Cayman Islands legal associations to merge

The two legal professional associations, the Cayman Islands Law Society (CILS) and the Caymanian Bar Association (CBA) are due to complete their merger later this month following approval by both memberships in June.

Under the plan approved by membership, a new body, the Cayman Islands Legal Practitioners Association (CILPA) will assume the functions of the CBA and the CILS. The establishment of CILPA marks the first time that the entire legal profession in Cayman will be represented by one association.

 

CILPA will continue the current objectives of the CBA and CILS following the merger.

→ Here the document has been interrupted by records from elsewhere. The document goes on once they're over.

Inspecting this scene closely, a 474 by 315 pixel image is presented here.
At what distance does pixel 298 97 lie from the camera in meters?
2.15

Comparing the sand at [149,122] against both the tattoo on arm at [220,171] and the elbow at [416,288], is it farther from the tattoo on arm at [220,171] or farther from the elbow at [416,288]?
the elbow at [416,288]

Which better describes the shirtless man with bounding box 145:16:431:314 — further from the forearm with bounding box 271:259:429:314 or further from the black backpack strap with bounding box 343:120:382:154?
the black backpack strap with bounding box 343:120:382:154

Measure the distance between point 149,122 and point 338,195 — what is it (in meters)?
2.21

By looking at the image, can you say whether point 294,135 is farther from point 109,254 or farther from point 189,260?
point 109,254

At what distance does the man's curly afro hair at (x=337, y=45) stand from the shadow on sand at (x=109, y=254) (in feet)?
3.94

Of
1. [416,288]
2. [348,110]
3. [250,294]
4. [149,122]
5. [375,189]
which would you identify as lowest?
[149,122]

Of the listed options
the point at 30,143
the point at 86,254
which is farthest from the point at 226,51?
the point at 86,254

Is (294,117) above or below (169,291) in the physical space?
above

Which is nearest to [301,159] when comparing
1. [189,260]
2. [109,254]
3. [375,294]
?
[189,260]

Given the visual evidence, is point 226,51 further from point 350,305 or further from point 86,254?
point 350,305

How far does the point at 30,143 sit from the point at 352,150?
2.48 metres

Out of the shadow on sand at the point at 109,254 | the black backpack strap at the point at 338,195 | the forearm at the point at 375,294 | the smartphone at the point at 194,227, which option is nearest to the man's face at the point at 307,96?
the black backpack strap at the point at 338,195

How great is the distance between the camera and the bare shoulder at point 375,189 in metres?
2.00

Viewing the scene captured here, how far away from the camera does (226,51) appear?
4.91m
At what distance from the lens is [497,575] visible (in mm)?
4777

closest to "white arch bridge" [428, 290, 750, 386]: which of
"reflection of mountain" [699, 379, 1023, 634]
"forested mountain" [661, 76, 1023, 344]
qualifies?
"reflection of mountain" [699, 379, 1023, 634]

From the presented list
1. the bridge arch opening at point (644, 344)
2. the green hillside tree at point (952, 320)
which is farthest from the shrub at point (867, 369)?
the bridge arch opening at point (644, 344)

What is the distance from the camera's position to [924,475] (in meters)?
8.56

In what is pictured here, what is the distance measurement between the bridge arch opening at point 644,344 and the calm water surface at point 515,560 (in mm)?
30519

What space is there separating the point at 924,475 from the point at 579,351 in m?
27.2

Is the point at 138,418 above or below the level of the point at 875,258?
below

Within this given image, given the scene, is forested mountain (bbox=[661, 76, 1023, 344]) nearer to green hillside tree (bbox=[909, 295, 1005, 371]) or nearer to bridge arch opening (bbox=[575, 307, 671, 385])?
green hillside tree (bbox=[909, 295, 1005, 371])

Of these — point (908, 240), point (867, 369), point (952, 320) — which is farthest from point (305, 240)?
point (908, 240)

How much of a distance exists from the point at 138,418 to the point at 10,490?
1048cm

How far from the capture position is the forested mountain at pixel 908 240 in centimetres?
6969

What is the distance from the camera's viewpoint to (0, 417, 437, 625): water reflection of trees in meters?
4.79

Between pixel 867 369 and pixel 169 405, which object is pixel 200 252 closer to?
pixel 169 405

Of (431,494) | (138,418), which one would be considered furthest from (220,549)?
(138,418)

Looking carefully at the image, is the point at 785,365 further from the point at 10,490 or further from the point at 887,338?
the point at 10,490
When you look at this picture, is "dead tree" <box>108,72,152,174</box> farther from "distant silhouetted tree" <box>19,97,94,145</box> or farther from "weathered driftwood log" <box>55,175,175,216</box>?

Its mandate will include:

  • To support and protect the character, status and interests of the legal profession;
  • To support the judiciary in upholding the rule of law and the administration of justice;
  • To maintain and protect the independence of the legal profession;
  • To encourage legal education, and the promotion of the study of jurisprudence;
  • To promote the qualification, training and development of Caymanians as attorneys-at-law;
  • To promote proper etiquette and professional conduct of attorneys by regulating its members pursuant to a CILPA code of professional conduct;
  • To encourage public rights of access to the courts and the right of representation by attorneys before courts and tribunals;
  • To encourage improvements in the administration of justice;
  • To encourage the provision of law reports;
  • To encourage and support law reform;
  • To further good relations between members and non-members of CILPA and lawyers of other jurisdictions and between CILPA and other similar associations in the Cayman Islands and other jurisdictions.

 

Where authorised by the Cayman Islands Government, CILPA would also act as a Supervisory Authority under the Anti-Money Laundering (Designated Non-Financial Business and Professions) (No.1) Regulations 2017, for its member firms.

 

A transitional council consisting of members of the executive of the CILS and the council of the CBA have been working to form the new body, create a new website and form the first council for CILPA.

 

The members of the first council of CILPA are David Collins, Alasdair Robertson, Neil Timms, Kendra Foster, Huw Moses, Erik Bodden and James Bagnall. The first council will look to organise elections in early 2019.

 

“For the CBA, the merger with CILS into CILPA is both poignant and a moment for renewed optimism. CILPA will be democratic, transparent and with adequate resources to meet the challenges we face, as well as being committed to the training and development of Caymanians within the profession,” said Neil Timms Q.C, outgoing CBA President.

 

“Both CILS and the CBA played crucial roles for the legal industry in Cayman, representing legal professionals as a whole, encouraging the study of law and promoting honourable practices for a number of decades. Both associations were essential and important in their own right, however, the time has come for us to merge our knowledge and experience in the creation of an association designed to progress and protect the objectives of both,” said Alasdair Robertson, outgoing CILS President.

 

“The future is bright for the legal industry in Cayman. This merger is a hugely positive step for our profession and we are looking forward to the growth and development of Cayman’s legal sector. The creation of CILPA allows us to bring together an extraordinary wealth of knowledge and resources from both previous bodies, allowing us a larger and more accomplished platform to ensure the continuation of service to Cayman’s legal industry,” said David Collins, Interim President Elect of CILPA.

 

The composition of the council both initially and going forward is on the basis that (a) no less than two CILPA members are sole practitioners or from a law firm or law firms employing less than ten attorneys-at-law; and (b) up to five CILPA members are from law firms employing ten or more attorneys-at-law. No more than two members of council may be practicing law with the same law firm. All members of the initial council are Caymanian and going forward at least a majority must be Caymanian, with the President being Caymanian.

 

Membership is open to all attorneys-at-law with Cayman Islands practicing certificates.